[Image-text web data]
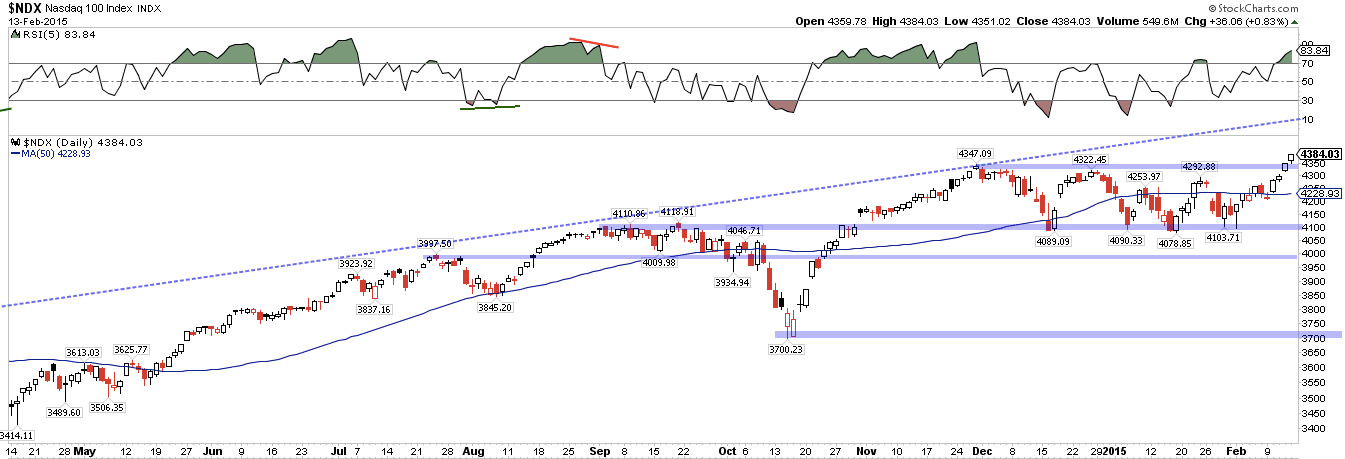 NDX Daily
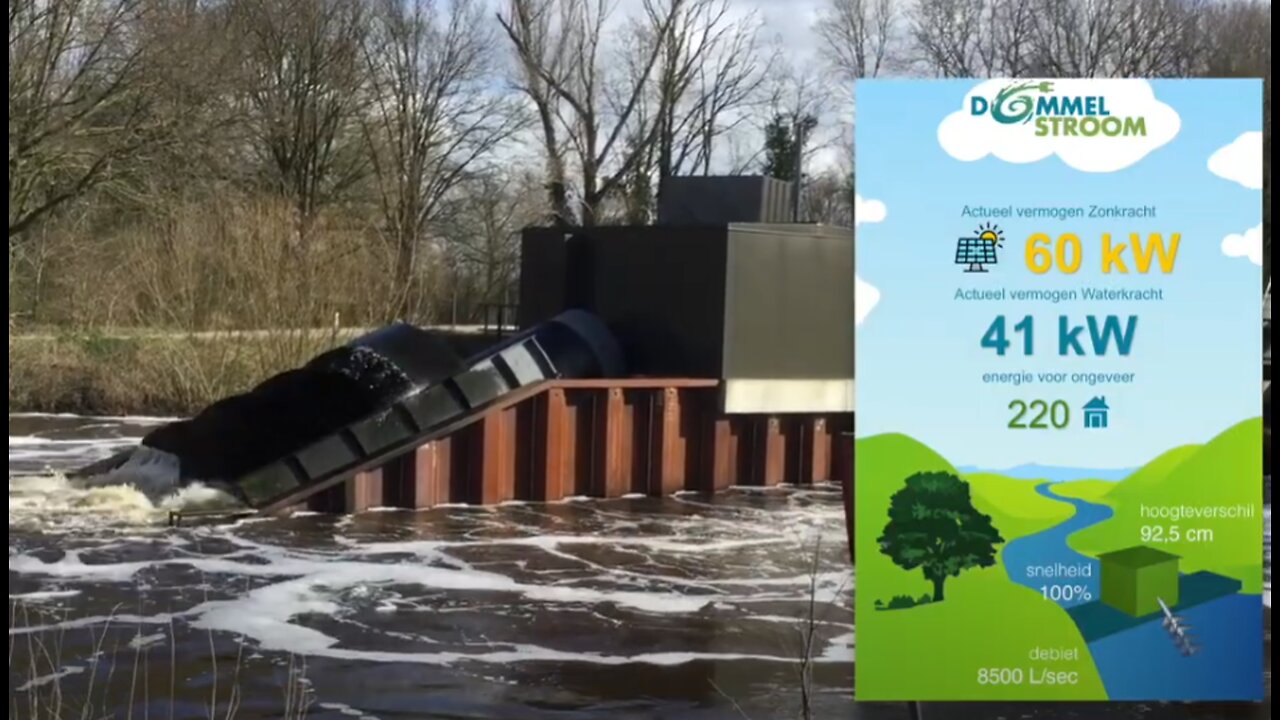 Waterkrachtcentrale (hydro) in Nederland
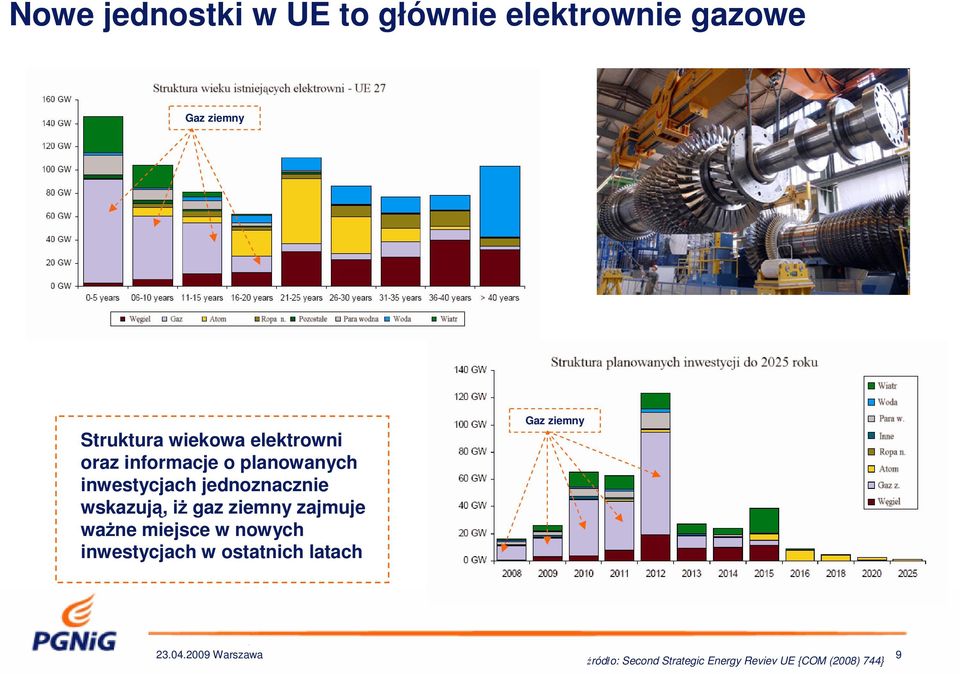 gaz ziemny zajmuje ważne miejsce w nowych inwestycjach w ostatnich latach Gaz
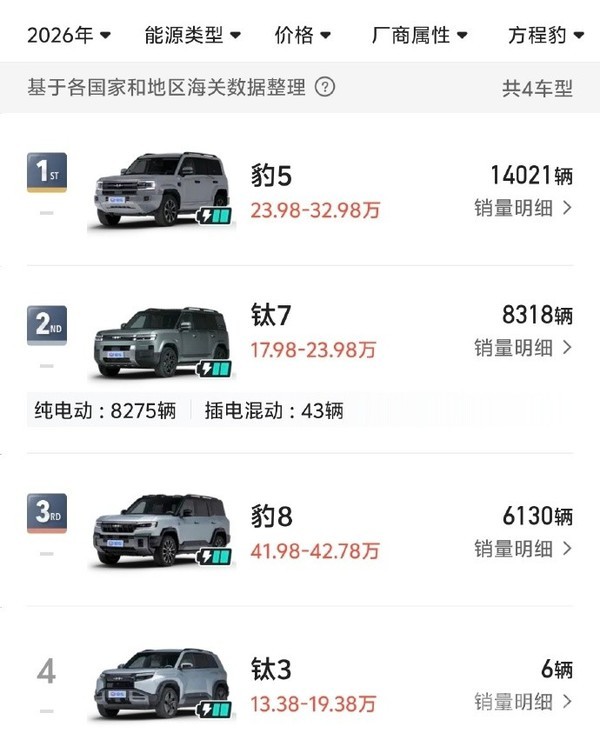 方程豹7月出口突破万辆 钛7单月7000辆成主力车型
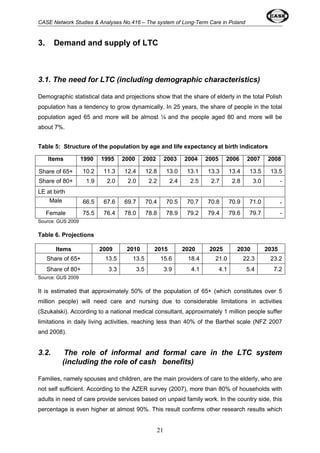 CASE Network Studies & Analyses No.416 – The system of Long-Term Care in Poland 
3. Demand and supply of LTC 
3.1. The need for LTC (including demographic characteristics) 
Demographic statistical data and projections show that the share of elderly in the total Polish 
population has a tendency to grow dynamically. In 25 years, the share of people in the total 
population aged 65 and more will be almost ¼ and the people aged 80 and more will be 
about 7%. 
Table 5: Structure of the population by age and life expectancy at birth indicators 
Items 1990 1995 2000 2002 2003 2004 2005 2006 2007 2008 
Share of 65+ 10.2 11.3 12.4 12.8 13.0 13.1 13.3 13.4 13.5 13.5 
Share of 80+ 1.9 2.0 2.0 2.2 2.4 2.5 2.7 2.8 3.0 - 
LE at birth 
Male 66.5 67.6 69.7 70.4 70.5 70.7 70.8 70.9 71.0 - 
Female 75.5 76.4 78.0 78.8 78.9 79.2 79.4 79.6 79.7 - 
21 
Source: GUS 2009 
Table 6. Projections 
Items 2009 2010 2015 2020 2025 2030 2035 
Share of 65+ 13.5 13.5 15.6 18.4 21.0 22.3 23.2 
Share of 80+ 3.3 3.5 3.9 4.1 4.1 5.4 7.2 
Source: GUS 2009 
It is estimated that approximately 50% of the population of 65+ (which constitutes over 5 
million people) will need care and nursing due to considerable limitations in activities 
(Szukalski). According to a national medical consultant, approximately 1 million people suffer 
limitations in daily living activities, reaching less than 40% of the Barthel scale (NFZ 2007 
and 2008). 
3.2. The role of informal and formal care in the LTC system 
(including the role of cash benefits) 
Families, namely spouses and children, are the main providers of care to the elderly, who are 
not self sufficient. According to the AZER survey (2007), more than 80% of households with 
adults in need of care provide services based on unpaid family work. In the country side, this 
percentage is even higher at almost 90%. This result confirms other research results which 
 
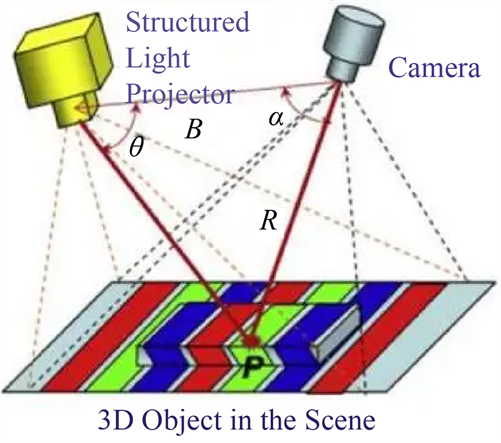 Speckle Structured Light Laser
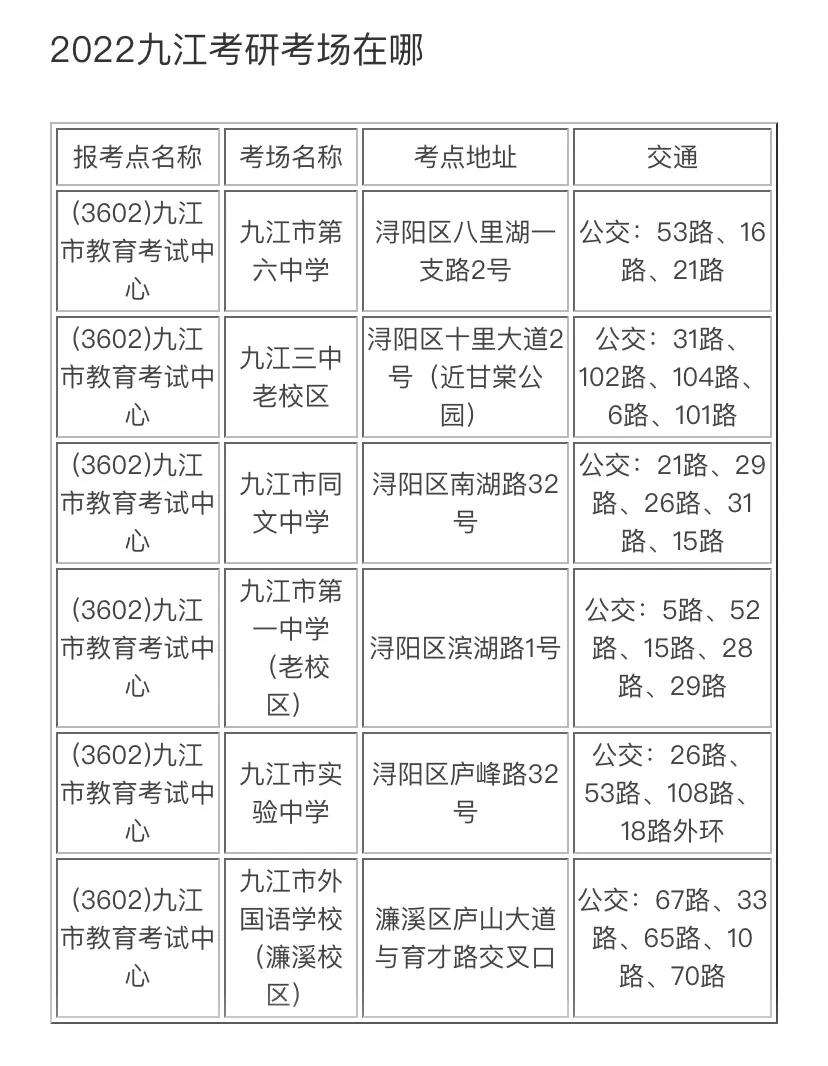 九江考研考點-圖1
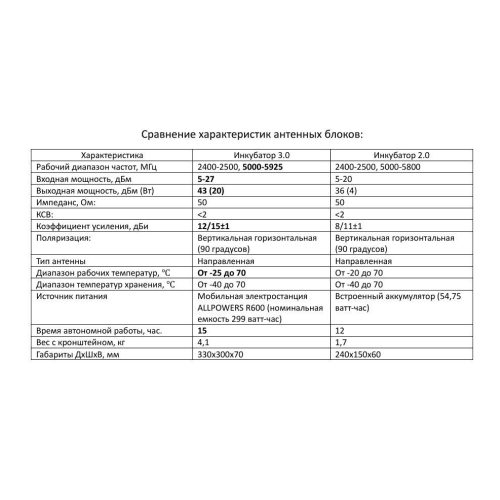 Усилитель сигнала для дронов Инкубатор 3.0 два чемодана в Ангарске
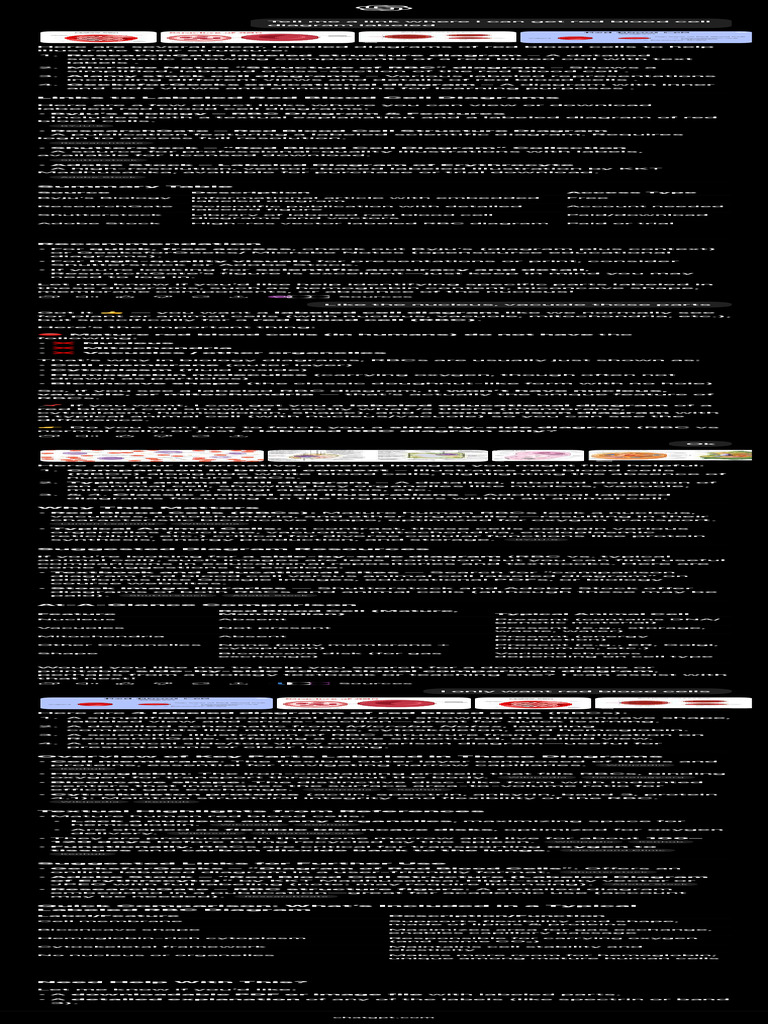 Red Blood Cell Diagrams | PDF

Your goal: Without the images, print all of the lines above exactly.

Response area:
 NDX Daily
 Waterkrachtcentrale (hydro) in Nederland
 gaz ziemny zajmuje ważne miejsce w nowych inwestycjach w ostatnich latach Gaz
 方程豹7月出口突破万辆 钛7单月7000辆成主力车型
 CASE Network Studies & Analyses No.416 – The system of Long-Term Care in Poland 
3. Demand and supply of LTC 
3.1. The need for LTC (including demographic characteristics) 
Demographic statistical data and projections show that the share of elderly in the total Polish 
population has a tendency to grow dynamically. In 25 years, the share of people in the total 
population aged 65 and more will be almost ¼ and the people aged 80 and more will be 
about 7%. 
Table 5: Structure of the population by age and life expectancy at birth indicators 
Items 1990 1995 2000 2002 2003 2004 2005 2006 2007 2008 
Share of 65+ 10.2 11.3 12.4 12.8 13.0 13.1 13.3 13.4 13.5 13.5 
Share of 80+ 1.9 2.0 2.0 2.2 2.4 2.5 2.7 2.8 3.0 - 
LE at birth 
Male 66.5 67.6 69.7 70.4 70.5 70.7 70.8 70.9 71.0 - 
Female 75.5 76.4 78.0 78.8 78.9 79.2 79.4 79.6 79.7 - 
21 
Source: GUS 2009 
Table 6. Projections 
Items 2009 2010 2015 2020 2025 2030 2035 
Share of 65+ 13.5 13.5 15.6 18.4 21.0 22.3 23.2 
Share of 80+ 3.3 3.5 3.9 4.1 4.1 5.4 7.2 
Source: GUS 2009 
It is estimated that approximately 50% of the population of 65+ (which constitutes over 5 
million people) will need care and nursing due to considerable limitations in activities 
(Szukalski). According to a national medical consultant, approximately 1 million people suffer 
limitations in daily living activities, reaching less than 40% of the Barthel scale (NFZ 2007 
and 2008). 
3.2. The role of informal and formal care in the LTC system 
(including the role of cash benefits) 
Families, namely spouses and children, are the main providers of care to the elderly, who are 
not self sufficient. According to the AZER survey (2007), more than 80% of households with 
adults in need of care provide services based on unpaid family work. In the country side, this 
percentage is even higher at almost 90%. This result confirms other research results which 
 
 Speckle Structured Light Laser
 九江考研考點-圖1
 Усилитель сигнала для дронов Инкубатор 3.0 два чемодана в Ангарске
 Red Blood Cell Diagrams | PDF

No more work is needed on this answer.